Configure Alerts & Notifications (Optional)
Alerts let you know when a policy fails or needs attention, so you can act before issues impact reports or analytics.
Severity Levels: Define how serious the alert is:
- Critical: Immediate attention needed
- High: Important, but not urgent
- Medium: Monitor for trends
- Low: Informational
Notification Channels: Choose where to receive alerts:
- Email, Slack, Microsoft Teams, Webhook, ServiceNow, or Chat
Notify on Success / Warning: Optional toggles:
- Notify on Success: Get notified when a policy passes successfully
- Notify on Warning: Get notified if a policy raises a warning
Re-notification Options: Control how often you are notified:
- Never: Only receive the first alert
- After n failed runs: Reduce noise; notify after a set number of failures
- Every time: Receive an alert each time the policy fails
Example:
- A critical alert is sent via Slack if daily sales data hasn’t arrived by 6 AM.

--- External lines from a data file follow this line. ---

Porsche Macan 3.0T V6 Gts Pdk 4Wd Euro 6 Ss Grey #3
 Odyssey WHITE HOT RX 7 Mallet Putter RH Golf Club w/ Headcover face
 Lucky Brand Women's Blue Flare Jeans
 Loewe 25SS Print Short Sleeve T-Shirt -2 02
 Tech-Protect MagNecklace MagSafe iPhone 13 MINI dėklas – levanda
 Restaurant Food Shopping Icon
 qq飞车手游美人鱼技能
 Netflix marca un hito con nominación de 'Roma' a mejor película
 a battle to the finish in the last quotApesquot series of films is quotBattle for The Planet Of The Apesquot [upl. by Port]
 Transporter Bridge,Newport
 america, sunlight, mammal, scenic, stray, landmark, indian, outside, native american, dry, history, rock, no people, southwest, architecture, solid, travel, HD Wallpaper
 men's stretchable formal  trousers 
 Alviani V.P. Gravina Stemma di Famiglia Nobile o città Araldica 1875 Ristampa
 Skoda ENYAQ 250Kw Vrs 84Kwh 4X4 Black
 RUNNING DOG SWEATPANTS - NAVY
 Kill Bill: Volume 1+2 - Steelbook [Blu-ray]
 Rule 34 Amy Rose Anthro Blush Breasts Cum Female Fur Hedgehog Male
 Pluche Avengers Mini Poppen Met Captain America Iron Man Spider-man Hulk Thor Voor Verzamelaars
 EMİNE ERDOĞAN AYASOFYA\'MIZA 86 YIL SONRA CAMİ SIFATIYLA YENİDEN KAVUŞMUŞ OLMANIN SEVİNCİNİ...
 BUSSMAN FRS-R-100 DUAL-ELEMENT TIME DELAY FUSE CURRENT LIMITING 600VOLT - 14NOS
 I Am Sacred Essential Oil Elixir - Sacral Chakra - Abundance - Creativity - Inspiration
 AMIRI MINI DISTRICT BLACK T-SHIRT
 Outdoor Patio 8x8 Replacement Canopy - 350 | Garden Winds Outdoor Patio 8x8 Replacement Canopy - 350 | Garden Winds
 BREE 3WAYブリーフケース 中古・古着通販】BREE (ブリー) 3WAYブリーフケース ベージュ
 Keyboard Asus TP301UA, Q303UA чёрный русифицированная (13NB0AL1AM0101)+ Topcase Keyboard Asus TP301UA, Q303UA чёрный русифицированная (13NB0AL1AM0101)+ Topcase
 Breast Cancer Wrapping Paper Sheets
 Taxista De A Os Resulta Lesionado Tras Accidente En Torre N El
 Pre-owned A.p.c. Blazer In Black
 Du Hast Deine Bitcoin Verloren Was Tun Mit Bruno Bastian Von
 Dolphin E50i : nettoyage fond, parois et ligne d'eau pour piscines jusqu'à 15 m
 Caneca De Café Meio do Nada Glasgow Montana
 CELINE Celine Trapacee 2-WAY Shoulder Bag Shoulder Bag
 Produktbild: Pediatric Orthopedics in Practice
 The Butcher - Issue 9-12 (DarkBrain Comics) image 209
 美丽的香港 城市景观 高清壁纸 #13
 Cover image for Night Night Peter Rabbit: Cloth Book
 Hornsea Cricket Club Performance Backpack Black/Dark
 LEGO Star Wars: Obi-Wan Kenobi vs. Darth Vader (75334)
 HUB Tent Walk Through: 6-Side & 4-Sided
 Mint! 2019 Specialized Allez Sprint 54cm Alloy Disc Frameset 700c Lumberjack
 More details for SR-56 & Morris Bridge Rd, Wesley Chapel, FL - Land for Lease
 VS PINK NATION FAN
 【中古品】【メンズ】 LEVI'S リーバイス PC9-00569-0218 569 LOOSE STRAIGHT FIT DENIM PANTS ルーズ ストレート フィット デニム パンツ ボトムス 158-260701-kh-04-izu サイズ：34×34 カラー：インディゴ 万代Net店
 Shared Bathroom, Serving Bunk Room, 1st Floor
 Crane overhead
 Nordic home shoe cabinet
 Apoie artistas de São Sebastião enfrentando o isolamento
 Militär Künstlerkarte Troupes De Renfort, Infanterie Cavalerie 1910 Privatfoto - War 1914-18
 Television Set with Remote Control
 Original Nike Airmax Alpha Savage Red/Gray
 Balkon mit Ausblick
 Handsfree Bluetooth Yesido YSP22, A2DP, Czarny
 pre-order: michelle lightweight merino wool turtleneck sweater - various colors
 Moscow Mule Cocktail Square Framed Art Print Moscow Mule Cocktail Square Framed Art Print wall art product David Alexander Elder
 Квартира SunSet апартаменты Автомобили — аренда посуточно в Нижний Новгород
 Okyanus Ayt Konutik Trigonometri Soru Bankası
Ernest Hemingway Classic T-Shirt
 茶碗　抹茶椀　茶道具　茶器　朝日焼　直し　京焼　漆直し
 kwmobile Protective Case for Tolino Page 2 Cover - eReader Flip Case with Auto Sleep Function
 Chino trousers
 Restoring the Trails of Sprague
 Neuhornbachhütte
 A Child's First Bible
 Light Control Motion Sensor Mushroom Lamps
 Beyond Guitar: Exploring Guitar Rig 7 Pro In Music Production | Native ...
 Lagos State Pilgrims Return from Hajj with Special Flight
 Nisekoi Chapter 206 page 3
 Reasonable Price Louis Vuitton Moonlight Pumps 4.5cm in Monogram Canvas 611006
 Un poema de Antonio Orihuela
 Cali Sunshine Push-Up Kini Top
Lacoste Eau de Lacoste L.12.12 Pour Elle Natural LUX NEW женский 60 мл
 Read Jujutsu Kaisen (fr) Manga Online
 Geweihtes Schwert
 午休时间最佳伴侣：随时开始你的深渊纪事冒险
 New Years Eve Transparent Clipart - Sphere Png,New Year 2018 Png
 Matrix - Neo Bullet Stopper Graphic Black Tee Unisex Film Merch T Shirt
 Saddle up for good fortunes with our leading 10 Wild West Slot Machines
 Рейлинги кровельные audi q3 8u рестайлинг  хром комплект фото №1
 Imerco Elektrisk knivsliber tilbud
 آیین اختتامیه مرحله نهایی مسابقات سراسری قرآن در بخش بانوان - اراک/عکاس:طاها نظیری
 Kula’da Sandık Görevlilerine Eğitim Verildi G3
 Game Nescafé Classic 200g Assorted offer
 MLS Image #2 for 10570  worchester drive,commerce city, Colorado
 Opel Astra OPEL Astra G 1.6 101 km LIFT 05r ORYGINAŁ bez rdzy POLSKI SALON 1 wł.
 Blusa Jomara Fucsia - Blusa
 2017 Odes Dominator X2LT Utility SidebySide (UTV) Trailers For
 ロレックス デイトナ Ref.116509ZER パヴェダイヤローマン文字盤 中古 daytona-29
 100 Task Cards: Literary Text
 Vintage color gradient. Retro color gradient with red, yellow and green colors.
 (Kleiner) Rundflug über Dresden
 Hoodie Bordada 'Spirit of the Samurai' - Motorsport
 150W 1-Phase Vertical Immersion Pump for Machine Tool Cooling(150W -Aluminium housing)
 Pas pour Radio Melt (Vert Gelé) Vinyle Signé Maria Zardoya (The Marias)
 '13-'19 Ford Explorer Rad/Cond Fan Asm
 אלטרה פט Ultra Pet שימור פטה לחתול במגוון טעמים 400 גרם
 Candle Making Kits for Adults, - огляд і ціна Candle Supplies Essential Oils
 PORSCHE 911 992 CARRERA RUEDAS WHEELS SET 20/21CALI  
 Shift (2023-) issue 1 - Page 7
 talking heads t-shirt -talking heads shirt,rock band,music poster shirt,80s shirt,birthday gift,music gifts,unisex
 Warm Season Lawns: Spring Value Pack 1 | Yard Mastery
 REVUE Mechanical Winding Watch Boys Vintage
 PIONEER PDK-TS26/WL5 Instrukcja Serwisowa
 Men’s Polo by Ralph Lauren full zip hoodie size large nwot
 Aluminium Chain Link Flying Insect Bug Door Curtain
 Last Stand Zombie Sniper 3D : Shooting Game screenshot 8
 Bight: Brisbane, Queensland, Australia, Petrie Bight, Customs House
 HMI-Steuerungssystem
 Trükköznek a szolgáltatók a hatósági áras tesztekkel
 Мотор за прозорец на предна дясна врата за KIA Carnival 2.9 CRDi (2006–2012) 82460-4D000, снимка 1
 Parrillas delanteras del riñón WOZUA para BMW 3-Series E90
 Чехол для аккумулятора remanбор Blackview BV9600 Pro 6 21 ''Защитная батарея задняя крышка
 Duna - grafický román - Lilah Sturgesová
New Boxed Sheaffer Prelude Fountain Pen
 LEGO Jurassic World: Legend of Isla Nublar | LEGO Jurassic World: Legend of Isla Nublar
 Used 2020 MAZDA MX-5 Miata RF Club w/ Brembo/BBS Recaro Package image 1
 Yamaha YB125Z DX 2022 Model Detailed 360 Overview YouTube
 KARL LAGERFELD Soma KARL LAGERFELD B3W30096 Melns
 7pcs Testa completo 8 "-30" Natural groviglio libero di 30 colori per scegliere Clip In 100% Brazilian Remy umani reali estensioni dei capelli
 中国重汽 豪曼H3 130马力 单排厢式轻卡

- Warnings are emailed if less than 95% of customer emails are valid.
Execution Settings (Optional)
Execution settings control how and when your policy runs, and where results are stored.
Incremental Strategy: Check only new or changed data:
- Choose a column (ID, datetime, or partition) to track incremental updates.
- Reduces processing time for large datasets.
Scheduling: Decide when the policy runs:
- Hourly, daily, weekly, monthly, or yearly
- Choose your time zone
Resource Strategy: Determine computing resources for execution:
- Small, Medium, Large, Global, or Custom
Persistence: Decide how to store policy results:
- Good Records: Data that passed all rules
- Bad Records: Data that failed rules
- Standardized folder paths make results easy to find and query:
Bad Records: s3a://<bucket>/data-quality-<policy-name>/<date>/<execution-id>/errorrecordsGood Records & Summary: s3a://<bucket>/data-quality-<policy-name>/<date>/<execution-id>/summary- Timeouts: Limit execution time:
- Run timeout: Maximum time for the job itself
- Total timeout: Maximum time including retries
Example: Daily incremental check on customer_signups table, storing failed rows for review, scheduled at 2 AM using Medium resources.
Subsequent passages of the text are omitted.